Was bedeutet eigentlich „Pflichtverteidigung“?

„Ich habe kein Geld, also muss der Staat mir einen Verteidiger bezahlen“, hört man hier. „Pflichtverteidiger taugen nichts, nimm Dir lieber einen richtigen Anwalt“, tönt es aus der anderen Ecke. Beide Aussagen sind falsch, egal wie oft sie wiederholt werden.
Zunächst einmal vorweg: Den Pflichtverteidiger gibt es nicht „umsonst“ oder „auf Staatskosten“. Wirst Du wegen einer Straftat verurteilt, musst Du auch die Kosten des Pflichtverteidigers zahlen. Allerdings dürfte die Wahrscheinlichkeit, dass es dazu kommt, mit einem Verteidiger an Deiner Seite etwas geringer sein.
Ob der Staat Dir einen solchen beiordnet, hängt von der vorgeworfenen Straftat ab, nicht von Deinen Finanzen.

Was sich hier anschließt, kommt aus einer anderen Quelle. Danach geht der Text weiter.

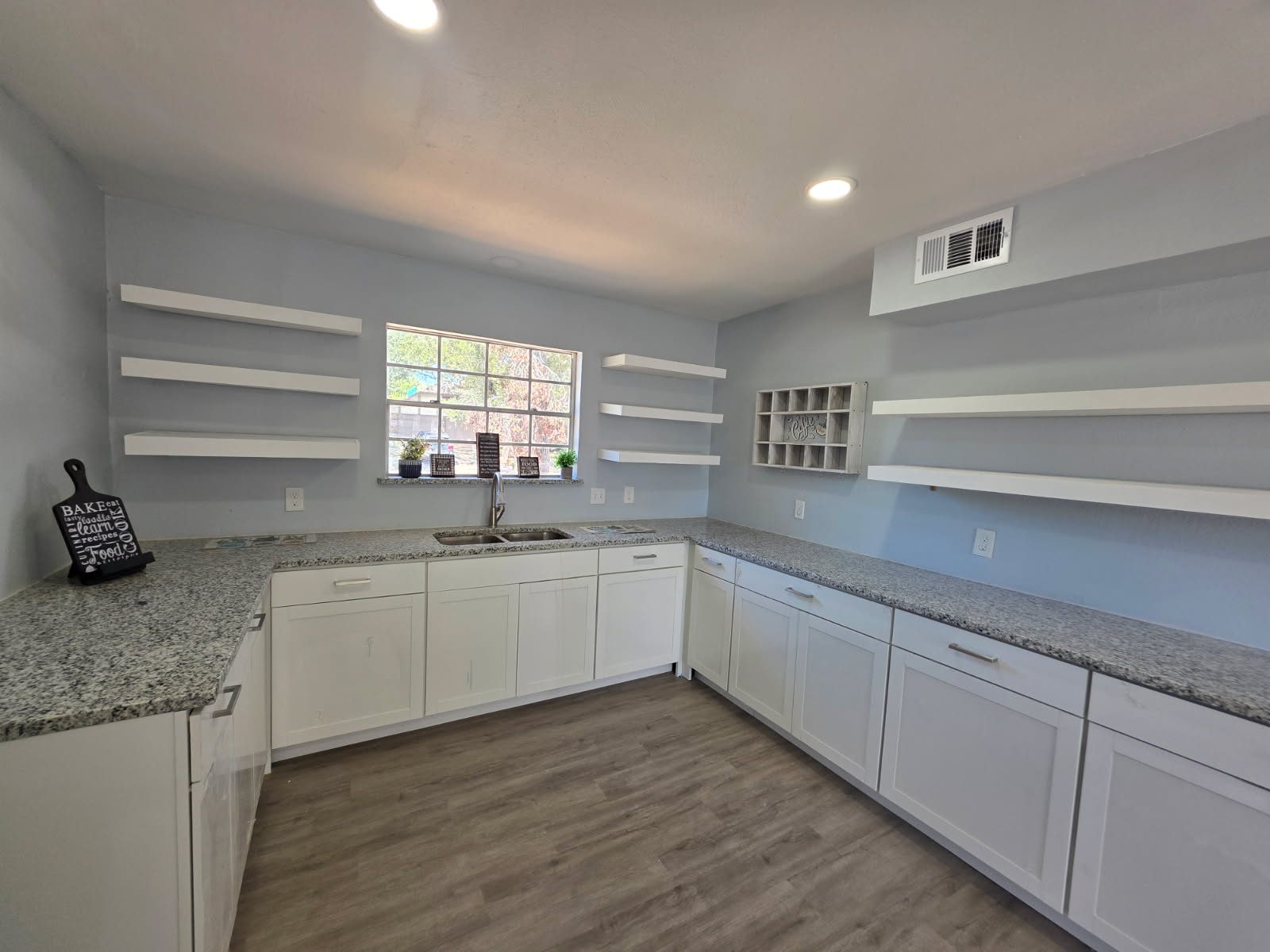 Remodeled kitchen with white shaker cabinets, granite counters and custom open shelving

Als Faustregel gilt: Ab einer Straferwartung von einem Jahr musst Du mit einem Verteidiger vor Gericht erscheinen. Kommst Du ohne, sucht das Gericht einen für Dich aus. Du darfst allerdings frei wählen, also „Deinen“ Verteidiger beiordnen lassen.

Daraus folgt zweierlei:

Mörder, Räuber, Vergewaltiger usw. können einen Pflichtverteidiger beantragen, selbst wenn sie Millionäre sind.
Ladendiebe, ebay-Betrüger, Schwarzfahrer usw. bekommen nicht schon deshalb einen Pflichtverteidiger, weil sie keine Kohle haben. Аusnahmen gibt es – wie immer bei Juristen – viele. Stehst Du bereits unter Bewährung, beschert Dir auch der halb abgenagte Muster-Lippenstift, der in der Drogerie zufällig und unbemerkt in Deine Tasche gefallen ist, einen Pflichtverteidiger.

Was leistet er nun, dieses Wunderwesen von dem irgendwann im Strafverfahren alle reden?

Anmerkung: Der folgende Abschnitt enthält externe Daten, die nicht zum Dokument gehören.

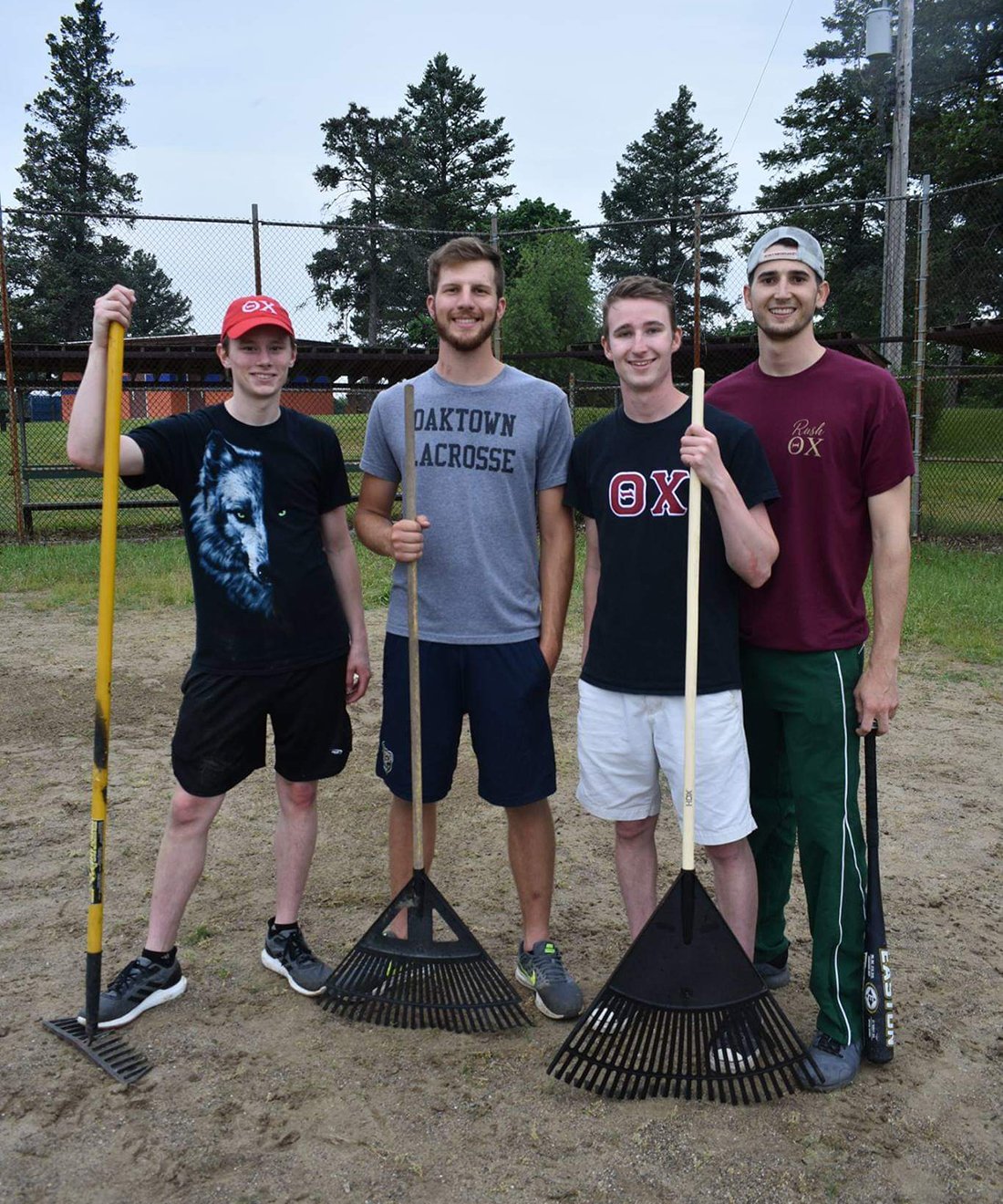 4 members of Theta Chi Fraternity with rakes in a park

Nun, er macht das, was Dein Bäcker um die Ecke auch tut. Hat er Freude am Beruf und das nötige Fachwissen, dann kreiert er die absolut geniale siebenstöckige Sacher-Käse-Sahne-Schwarzwälder-Hochzeits-Kirschtorte mit Amaretto-Limettengeschmack und einem Hauch von Lebkuchen und Ingwer von der Du Dein Leben lang schwärmen wirst. Ist er hingegen völlig bocklos und wäre zudem lieber Autoschlosser geworden, backt er eben das Brötchen von vorgestern auf. Dann wird aus der Pflichtverteidigung die gefürchtete Palliativverteidigung, die bloße Urteilsbegleitung.

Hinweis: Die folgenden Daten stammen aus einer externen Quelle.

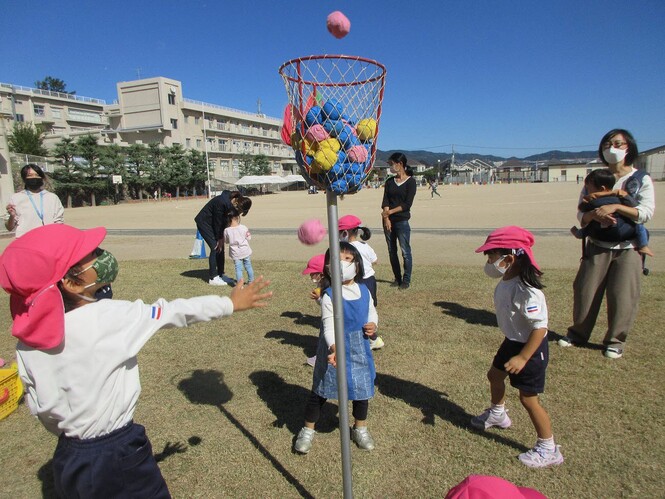 玉入れをしているもも組と未就園児親子の写真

Freispruch oder Knast liegen gefährlich nahe beieinander. Mit dem falschen Verteidiger an Deiner Seite eliminierst Du also problemlos alle Risiken, die ein Strafprozess sonst noch so bietet und landest ebenso problemlos hinter Gittern.
Darum: Augen auf bei der Verteidigerwahl! Als Pflichtverteidiger bekommst Du sicher nicht den Besten, aber mit dem Schlechtesten musst Du Dich auch nicht zufrieden geben.